Adaptive Cruise Control (ACC) is one of popular ways for automatic platooning that all
vehicles equip with on-board sensor. Inter-vehicle gap is thus shortened due to elimination
of human response time.
To evaluate the effectiveness of platooning, the term string stability, which diminish
inter-vehicle spacing error along strings, is mandatory to avoid performance degrade as
size of platooning grows up. This ensures the inter-vehicle spacing error is bounded if the
first vehicle has bounded error, such that the platooning is scalable. Unfortunately, string
stabibility is not reachable in ACC if constant inter-vehicle spacing need to be guaranteed,
since preceding vehicle may not directly reflect any changing from leader, especially when
the engine suffer from large actuator lag.
Cooperative Adaptive Cruise Control (CACC) is a successor of ACC with inter-vehicle
communication such that all agents can observe leader status. String stability is thus
reachable by following the leader status closely. Usually CACC require leader to broadcast
its status in real-time to achieve the goal. This requirement is too expensive in practice.

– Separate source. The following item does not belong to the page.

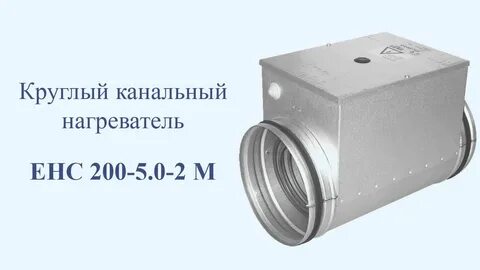 Нагреватели для круглых каналов ehc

It may not even be feasible when communication channel consist latency and packet error.
The main contribution of this thesis is to relax the requirement from real-time to
discrete-time communication without breaking the string stability. Therefore, bandwidth can be saved and communication flaws like delay and delivery failure can be tolerant.
Overall, the robustness of whole platooning can be enhanced.